Antibes e Vallauris: fra natura, storia e le opere di Picasso
Il centro storico e le viuzze, i mercati coperti come il coloratissimo Marché Provençal, le sue splendide piazze (Place National e Place des Martyris de la Resistence in particolare) che nel periodo natalizio si riempiono di luci, bancarelle e giochi per bambini e che offrono tutto l’anno un’occasione di piacevole ristoro ai tavoli all’aperto dei tanti bar aperti. Antibes si presenta ai suoi ospiti in tanti modi e uno di questi è la splendida passeggiata a mare sopraelevata che parte dalla marina passando di fianco al Museo Picasso. Una visita a questo spazio espositivo ospitato nel Castello Grimaldi del 1400, dove l’artista visse nel 1946 per due mesi insediandovi il suo atelier, è un appuntamento irrinunciabile: circa 150 le opere presenti fra dipinti (fra questi uno dei suoi capolavori, “La Joie de vivre”), disegni e ceramiche, oltre a 60 incisioni e alcune fotografie inedite che ritraggono Picasso in questo luogo. Per chi ama camminare nella natura, il Sentier de Tirepoil (o Sentier du Littoral) è una bellissima esperienza all’aria aperta da fare anche nei mesi invernali. Dal centro città o da Plage du Ponteil si può prendere il bus della linea 2 fino alla fermata Fontaine e poi scendere al mare imboccando una stradina ben segnalata: dall’estremità meridionale di Cap d’Antibes e da qui parte un percorso di circa 3 km lungo il promontorio (in alcuni tratti si cammina su scalini in pietra fra gli scogli), in un paesaggio quasi lunare con la roccia che cambia forma e colore e porta alla Plage de la Garoupe, ampio arenile preceduto da una caletta riparata dove i meno freddolosi possono tuffarsi anche nelle belle giornate di gennaio.
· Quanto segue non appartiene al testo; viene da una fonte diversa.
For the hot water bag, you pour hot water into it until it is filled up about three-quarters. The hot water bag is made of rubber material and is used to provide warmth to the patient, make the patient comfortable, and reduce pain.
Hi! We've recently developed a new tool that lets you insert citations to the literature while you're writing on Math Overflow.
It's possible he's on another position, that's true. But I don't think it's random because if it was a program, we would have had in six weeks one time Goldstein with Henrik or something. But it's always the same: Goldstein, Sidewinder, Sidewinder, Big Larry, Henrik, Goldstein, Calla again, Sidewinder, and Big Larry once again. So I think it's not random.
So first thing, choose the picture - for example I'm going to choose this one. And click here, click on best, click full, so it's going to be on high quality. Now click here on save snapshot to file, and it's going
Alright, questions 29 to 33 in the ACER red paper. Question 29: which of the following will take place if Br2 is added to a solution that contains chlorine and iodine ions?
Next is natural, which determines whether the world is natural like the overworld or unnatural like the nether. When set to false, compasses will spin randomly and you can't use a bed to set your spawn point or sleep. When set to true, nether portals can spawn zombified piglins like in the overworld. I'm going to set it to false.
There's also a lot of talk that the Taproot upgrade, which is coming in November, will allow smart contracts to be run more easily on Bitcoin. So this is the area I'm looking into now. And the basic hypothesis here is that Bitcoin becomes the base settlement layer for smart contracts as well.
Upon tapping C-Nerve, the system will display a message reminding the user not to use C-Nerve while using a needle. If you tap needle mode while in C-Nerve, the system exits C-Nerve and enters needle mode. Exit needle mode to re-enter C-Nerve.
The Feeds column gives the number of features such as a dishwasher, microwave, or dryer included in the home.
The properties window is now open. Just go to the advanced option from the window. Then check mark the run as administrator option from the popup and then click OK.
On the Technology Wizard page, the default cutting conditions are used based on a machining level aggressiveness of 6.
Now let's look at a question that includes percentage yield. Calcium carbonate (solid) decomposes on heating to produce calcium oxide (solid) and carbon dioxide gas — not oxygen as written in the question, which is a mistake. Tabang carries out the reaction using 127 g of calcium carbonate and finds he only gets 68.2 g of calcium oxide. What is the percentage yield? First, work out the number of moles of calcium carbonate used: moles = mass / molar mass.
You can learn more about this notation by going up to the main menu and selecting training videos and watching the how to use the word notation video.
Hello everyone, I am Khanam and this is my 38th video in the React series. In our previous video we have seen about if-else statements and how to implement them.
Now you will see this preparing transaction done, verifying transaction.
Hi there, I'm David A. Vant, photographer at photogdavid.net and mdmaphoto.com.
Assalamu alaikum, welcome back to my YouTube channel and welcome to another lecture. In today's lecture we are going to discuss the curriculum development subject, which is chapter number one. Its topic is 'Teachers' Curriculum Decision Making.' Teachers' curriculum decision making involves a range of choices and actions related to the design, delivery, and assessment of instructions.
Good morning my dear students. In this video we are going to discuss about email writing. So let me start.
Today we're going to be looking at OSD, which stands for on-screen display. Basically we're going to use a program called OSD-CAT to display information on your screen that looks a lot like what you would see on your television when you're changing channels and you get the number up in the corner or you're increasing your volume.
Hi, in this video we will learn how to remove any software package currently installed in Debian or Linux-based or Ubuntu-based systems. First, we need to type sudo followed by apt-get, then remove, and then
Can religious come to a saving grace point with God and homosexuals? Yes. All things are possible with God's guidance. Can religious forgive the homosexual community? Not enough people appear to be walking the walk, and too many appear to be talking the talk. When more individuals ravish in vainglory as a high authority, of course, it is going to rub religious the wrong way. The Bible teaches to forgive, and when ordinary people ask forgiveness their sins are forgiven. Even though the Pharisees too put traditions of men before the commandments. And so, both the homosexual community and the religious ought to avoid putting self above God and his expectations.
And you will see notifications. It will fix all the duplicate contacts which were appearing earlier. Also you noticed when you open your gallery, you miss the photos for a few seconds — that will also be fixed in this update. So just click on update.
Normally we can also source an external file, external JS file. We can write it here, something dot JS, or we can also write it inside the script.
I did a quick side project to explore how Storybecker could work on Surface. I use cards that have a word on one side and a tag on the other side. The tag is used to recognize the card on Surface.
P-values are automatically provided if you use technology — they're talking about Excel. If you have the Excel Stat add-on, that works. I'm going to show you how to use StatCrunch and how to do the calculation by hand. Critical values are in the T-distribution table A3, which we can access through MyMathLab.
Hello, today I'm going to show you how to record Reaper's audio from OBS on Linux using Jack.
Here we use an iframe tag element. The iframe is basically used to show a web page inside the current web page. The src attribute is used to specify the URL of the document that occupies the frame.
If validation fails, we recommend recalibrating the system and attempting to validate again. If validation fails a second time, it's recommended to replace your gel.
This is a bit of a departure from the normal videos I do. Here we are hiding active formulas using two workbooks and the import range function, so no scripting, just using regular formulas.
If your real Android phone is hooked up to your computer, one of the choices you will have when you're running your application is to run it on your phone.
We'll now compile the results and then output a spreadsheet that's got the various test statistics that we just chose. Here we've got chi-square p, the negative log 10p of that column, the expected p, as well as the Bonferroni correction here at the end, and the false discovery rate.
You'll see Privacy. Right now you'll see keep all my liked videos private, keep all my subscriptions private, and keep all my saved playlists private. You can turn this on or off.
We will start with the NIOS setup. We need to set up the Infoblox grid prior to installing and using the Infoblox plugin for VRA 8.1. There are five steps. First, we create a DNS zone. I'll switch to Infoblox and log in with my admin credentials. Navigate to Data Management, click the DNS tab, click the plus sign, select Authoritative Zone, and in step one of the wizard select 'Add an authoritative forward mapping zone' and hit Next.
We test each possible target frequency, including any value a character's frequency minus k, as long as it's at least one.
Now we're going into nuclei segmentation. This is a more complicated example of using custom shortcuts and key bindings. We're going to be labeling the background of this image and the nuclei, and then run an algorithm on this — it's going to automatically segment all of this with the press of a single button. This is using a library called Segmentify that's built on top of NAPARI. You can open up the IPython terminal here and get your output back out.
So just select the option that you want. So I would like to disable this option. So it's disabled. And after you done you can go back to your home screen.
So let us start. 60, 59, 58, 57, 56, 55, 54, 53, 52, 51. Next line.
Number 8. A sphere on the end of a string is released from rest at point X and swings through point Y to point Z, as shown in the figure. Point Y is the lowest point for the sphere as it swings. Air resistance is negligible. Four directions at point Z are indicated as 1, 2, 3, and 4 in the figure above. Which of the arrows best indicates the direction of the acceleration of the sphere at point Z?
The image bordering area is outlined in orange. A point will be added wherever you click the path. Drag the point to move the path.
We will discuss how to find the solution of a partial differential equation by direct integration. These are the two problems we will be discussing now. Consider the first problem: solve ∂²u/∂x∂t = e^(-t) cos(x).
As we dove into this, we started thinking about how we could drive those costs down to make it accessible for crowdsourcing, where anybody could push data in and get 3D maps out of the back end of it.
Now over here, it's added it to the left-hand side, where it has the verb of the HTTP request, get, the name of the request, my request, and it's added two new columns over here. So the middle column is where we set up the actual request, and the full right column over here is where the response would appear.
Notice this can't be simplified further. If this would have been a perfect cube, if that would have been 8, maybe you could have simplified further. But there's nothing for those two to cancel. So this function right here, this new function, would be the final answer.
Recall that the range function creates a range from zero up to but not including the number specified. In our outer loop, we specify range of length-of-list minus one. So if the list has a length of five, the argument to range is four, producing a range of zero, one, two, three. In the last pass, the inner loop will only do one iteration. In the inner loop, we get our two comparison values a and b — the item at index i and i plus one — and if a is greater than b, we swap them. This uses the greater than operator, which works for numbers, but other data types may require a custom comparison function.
Dalla spiaggia si torna alla fermata lungo una delle tante vie popolate da lussuose ville con giardino che caratterizzano tutto il Cap. Altra località cara a Picasso è la vicina Vallauris, che vive anche sul mare nella stazione balneare di Golfe-Juan. Visitando il borgo dell’entroterra si va alla scoperta dei numerosi artigiani e delle opere esposte al Museo Magnelli che ruotano attorno alla tradizione della ceramica e si visita il Museo Nazionale Picasso per ammirare “La guerra e la pace”, il lavoro pittorico più grande del maestro spagnolo. Da non perdere, infine, nel week end del 28 febbraio-1° marzo, le feste che celebrano lo sbarco di Napoleone Bonaparte a Golfe Juan dall’Isola d’Elba e l’inizio dei “Cento Giorni” che segnarono la ripresa del potere.